• [Your instructions]
Between the line containing "Tay vợt Lý Hoàng" and the line containing "Отель Airone City Hotel фото" lies a run of lines; give that run again exactly, with both of those lines, and nothing else from the entries below.

• [Source data]
# # # # # # #

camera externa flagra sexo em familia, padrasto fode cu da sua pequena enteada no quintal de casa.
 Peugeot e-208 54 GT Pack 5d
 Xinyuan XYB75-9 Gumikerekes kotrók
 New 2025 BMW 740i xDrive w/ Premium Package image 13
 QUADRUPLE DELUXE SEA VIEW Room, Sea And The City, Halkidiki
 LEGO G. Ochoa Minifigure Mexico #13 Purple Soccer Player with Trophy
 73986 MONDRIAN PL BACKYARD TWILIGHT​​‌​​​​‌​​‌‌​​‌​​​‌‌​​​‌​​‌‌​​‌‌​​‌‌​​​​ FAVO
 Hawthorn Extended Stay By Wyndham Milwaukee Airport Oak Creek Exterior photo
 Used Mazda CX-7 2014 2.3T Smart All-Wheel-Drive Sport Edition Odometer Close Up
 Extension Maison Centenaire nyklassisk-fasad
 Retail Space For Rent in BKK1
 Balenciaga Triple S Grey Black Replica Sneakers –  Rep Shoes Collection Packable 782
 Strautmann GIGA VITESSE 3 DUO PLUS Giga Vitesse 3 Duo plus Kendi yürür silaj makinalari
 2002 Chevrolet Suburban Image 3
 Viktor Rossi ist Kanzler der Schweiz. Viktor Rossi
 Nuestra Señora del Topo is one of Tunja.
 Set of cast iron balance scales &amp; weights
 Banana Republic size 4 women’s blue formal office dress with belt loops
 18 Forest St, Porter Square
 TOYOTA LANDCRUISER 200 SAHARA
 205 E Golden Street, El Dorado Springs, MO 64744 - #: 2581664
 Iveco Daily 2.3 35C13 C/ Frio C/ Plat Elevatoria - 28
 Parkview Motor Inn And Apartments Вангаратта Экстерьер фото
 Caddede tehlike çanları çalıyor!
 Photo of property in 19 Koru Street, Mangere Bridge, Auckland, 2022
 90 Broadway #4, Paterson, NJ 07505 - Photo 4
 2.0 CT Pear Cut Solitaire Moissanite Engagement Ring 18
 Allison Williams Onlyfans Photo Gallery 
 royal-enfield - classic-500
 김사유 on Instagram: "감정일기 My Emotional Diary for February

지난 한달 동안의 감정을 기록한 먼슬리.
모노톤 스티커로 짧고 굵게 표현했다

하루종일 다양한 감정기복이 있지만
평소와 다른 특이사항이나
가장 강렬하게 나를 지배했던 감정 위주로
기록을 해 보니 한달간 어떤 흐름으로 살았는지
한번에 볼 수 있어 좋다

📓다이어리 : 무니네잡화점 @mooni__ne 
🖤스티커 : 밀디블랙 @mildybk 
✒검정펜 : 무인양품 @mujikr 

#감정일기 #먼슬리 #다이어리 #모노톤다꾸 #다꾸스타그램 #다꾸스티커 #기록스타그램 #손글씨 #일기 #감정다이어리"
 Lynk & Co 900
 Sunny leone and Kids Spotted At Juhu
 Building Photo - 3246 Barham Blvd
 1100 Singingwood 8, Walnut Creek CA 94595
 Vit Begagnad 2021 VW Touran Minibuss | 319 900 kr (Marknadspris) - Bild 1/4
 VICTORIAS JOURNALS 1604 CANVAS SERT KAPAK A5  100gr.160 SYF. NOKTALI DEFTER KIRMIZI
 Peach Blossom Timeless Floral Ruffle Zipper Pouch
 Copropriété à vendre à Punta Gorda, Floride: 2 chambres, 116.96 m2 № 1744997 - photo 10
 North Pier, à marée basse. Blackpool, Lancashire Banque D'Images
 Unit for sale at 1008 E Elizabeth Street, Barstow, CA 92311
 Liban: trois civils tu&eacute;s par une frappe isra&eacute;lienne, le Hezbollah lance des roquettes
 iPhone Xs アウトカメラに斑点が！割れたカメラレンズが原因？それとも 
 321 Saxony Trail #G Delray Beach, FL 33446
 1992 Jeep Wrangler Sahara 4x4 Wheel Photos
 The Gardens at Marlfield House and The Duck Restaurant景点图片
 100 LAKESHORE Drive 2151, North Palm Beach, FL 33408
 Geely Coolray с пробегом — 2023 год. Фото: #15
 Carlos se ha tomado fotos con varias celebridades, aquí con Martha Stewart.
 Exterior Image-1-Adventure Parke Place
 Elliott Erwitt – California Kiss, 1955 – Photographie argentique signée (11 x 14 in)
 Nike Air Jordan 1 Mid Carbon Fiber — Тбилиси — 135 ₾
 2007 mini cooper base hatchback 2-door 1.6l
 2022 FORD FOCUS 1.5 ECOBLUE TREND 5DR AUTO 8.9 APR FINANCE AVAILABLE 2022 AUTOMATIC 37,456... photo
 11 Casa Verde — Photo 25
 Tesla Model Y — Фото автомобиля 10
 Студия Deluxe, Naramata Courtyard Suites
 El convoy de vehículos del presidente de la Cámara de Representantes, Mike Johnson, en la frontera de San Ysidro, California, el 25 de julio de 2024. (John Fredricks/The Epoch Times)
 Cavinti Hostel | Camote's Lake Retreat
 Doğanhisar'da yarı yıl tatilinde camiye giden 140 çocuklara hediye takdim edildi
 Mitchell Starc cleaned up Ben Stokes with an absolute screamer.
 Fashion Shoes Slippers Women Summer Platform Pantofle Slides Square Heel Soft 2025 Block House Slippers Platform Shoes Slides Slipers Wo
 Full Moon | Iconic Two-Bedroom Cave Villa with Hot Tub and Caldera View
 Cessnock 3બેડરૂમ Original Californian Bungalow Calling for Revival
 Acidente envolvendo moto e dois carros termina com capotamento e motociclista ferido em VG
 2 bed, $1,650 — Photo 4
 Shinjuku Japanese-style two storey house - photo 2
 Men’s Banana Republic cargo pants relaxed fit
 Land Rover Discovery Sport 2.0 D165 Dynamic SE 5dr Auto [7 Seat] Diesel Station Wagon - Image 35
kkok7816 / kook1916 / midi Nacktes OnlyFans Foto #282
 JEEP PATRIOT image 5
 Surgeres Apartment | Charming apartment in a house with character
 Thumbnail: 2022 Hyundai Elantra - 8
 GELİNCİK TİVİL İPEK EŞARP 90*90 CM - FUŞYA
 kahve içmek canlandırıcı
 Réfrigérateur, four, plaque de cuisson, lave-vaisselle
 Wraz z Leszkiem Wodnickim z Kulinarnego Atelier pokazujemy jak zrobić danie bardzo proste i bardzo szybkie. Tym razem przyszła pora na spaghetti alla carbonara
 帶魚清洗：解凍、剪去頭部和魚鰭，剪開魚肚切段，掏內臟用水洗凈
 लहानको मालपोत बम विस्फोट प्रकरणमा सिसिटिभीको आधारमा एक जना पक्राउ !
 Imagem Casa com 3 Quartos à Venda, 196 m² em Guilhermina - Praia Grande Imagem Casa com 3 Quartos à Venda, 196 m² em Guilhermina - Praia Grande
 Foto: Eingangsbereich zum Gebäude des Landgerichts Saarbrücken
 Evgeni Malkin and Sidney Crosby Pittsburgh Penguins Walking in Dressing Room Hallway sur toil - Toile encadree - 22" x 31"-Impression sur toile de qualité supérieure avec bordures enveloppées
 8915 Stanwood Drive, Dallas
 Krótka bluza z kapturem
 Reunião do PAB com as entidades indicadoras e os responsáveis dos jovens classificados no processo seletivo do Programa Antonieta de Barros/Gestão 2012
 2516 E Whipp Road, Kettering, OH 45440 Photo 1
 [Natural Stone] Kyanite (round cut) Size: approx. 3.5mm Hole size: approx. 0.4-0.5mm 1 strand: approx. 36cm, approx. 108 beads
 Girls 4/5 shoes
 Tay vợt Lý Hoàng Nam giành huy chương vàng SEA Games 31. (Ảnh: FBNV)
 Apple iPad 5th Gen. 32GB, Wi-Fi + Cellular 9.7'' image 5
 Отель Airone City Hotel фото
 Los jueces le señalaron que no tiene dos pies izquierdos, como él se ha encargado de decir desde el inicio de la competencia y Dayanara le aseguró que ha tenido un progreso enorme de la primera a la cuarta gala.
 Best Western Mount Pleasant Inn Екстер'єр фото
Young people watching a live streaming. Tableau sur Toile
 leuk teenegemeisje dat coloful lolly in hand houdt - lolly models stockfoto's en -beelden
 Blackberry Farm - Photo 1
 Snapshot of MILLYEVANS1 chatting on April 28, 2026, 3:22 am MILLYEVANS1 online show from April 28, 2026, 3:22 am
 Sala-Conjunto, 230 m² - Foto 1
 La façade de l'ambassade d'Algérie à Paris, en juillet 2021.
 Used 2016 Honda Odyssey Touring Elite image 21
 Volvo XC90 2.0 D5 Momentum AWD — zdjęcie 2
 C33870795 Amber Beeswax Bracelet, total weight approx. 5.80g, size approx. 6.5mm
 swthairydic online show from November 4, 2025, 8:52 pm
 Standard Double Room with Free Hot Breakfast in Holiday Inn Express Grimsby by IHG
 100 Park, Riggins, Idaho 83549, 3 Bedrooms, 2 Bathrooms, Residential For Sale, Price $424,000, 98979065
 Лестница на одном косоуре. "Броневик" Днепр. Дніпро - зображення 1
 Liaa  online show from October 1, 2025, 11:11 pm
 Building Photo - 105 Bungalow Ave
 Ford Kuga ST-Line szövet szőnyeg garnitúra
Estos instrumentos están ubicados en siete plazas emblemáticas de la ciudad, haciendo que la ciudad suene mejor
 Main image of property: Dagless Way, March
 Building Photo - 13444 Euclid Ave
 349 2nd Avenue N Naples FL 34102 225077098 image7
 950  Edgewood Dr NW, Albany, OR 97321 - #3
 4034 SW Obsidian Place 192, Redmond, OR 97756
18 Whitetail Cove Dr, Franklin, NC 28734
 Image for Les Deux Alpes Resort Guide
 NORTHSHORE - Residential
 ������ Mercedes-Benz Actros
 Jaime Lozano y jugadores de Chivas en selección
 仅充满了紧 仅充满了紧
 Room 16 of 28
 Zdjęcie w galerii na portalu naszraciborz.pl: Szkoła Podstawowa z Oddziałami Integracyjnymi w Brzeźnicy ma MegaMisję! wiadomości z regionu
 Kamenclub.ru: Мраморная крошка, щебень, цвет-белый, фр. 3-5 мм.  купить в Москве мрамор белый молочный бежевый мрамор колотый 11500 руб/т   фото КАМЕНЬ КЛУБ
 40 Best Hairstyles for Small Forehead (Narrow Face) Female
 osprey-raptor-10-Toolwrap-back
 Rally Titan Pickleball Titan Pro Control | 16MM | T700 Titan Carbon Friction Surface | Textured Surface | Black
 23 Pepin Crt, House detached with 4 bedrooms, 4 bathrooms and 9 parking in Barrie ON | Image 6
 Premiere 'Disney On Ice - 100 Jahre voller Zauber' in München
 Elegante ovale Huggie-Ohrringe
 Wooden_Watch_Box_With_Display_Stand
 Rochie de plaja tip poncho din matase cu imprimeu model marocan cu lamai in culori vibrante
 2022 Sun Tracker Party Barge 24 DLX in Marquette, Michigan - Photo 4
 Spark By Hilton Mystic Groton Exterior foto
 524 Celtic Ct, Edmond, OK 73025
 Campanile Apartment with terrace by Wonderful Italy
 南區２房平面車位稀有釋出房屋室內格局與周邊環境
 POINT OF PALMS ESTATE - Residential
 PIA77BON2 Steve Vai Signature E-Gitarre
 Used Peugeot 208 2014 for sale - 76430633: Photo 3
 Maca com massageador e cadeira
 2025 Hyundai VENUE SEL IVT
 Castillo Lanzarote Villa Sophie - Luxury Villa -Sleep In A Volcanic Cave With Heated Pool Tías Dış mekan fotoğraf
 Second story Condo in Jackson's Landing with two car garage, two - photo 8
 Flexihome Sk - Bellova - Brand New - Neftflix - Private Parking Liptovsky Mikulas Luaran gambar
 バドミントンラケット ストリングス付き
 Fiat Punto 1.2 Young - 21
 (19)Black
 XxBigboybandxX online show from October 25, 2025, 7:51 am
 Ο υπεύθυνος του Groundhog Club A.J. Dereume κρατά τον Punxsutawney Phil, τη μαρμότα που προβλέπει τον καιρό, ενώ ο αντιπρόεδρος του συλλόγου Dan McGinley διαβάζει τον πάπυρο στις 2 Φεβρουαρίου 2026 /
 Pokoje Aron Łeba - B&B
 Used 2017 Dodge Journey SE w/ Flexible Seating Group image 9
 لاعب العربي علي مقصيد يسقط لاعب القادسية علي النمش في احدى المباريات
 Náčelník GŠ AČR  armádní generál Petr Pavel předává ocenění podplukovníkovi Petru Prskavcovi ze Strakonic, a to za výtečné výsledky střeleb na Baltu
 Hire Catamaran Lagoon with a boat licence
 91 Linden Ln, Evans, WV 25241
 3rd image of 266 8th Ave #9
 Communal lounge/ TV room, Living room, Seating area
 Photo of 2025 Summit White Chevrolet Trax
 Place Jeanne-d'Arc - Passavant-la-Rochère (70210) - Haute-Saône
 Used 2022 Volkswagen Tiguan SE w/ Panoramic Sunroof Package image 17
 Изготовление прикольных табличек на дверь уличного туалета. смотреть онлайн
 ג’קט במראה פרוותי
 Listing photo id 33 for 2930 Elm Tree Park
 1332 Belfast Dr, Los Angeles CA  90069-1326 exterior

# # # # # # #

• [Written solution]
 Tay vợt Lý Hoàng Nam giành huy chương vàng SEA Games 31. (Ảnh: FBNV)
 Apple iPad 5th Gen. 32GB, Wi-Fi + Cellular 9.7'' image 5
 Отель Airone City Hotel фото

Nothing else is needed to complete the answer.